BEGIN Data provided

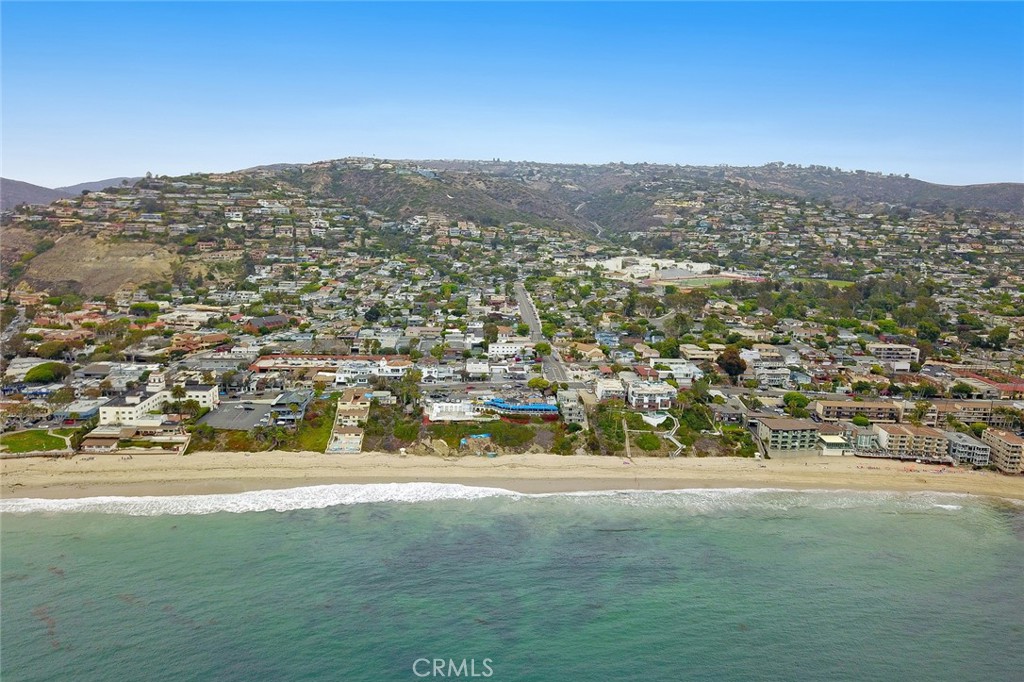 618 S Coast Highway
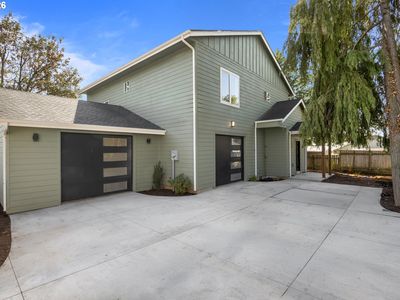570 Holmes Ln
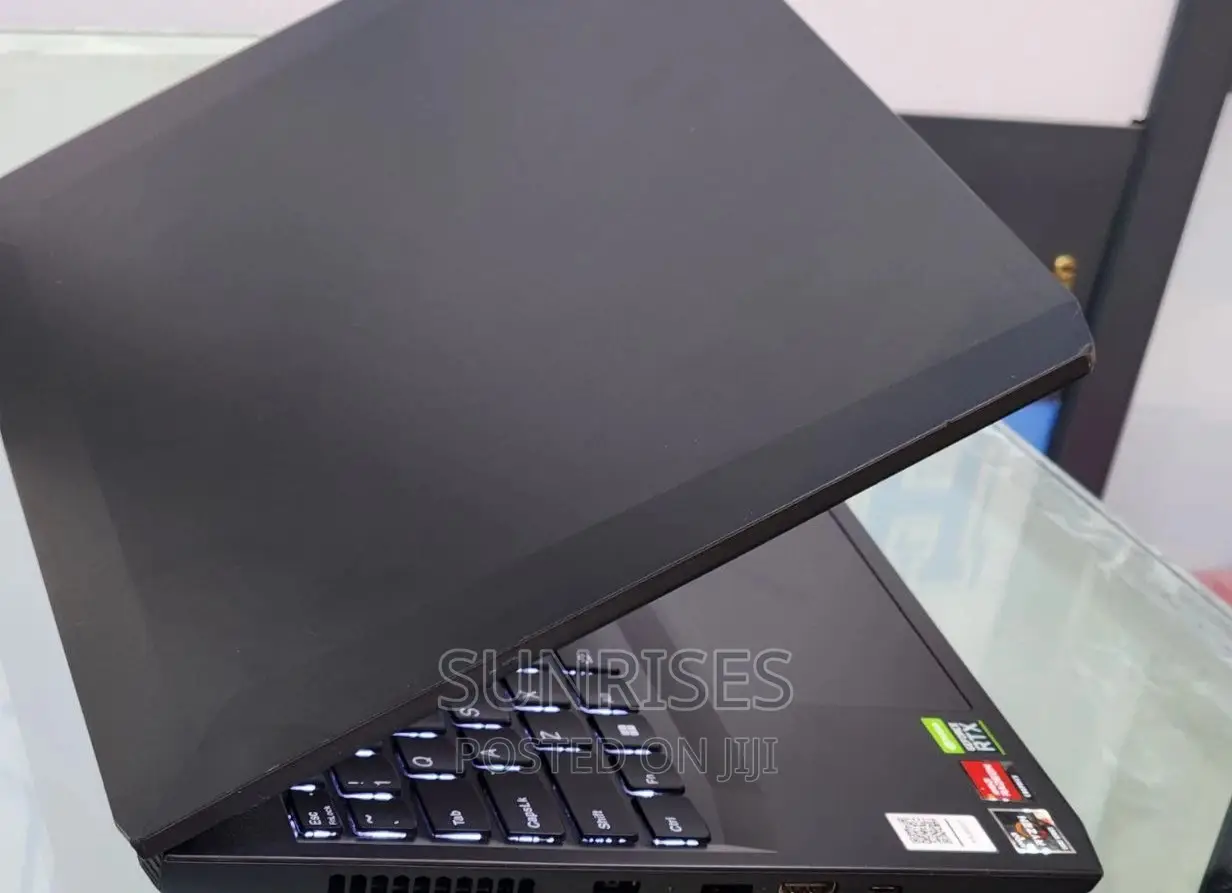 New Laptop Lenovo Ideapad 3 16GB AMD Ryzen 5 SSD 512GB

END Data provided

== Problem requirements ==
Transcribe the listing above verbatim. No picture belongs in the result.

== Reply ==
 618 S Coast Highway
570 Holmes Ln
 New Laptop Lenovo Ideapad 3 16GB AMD Ryzen 5 SSD 512GB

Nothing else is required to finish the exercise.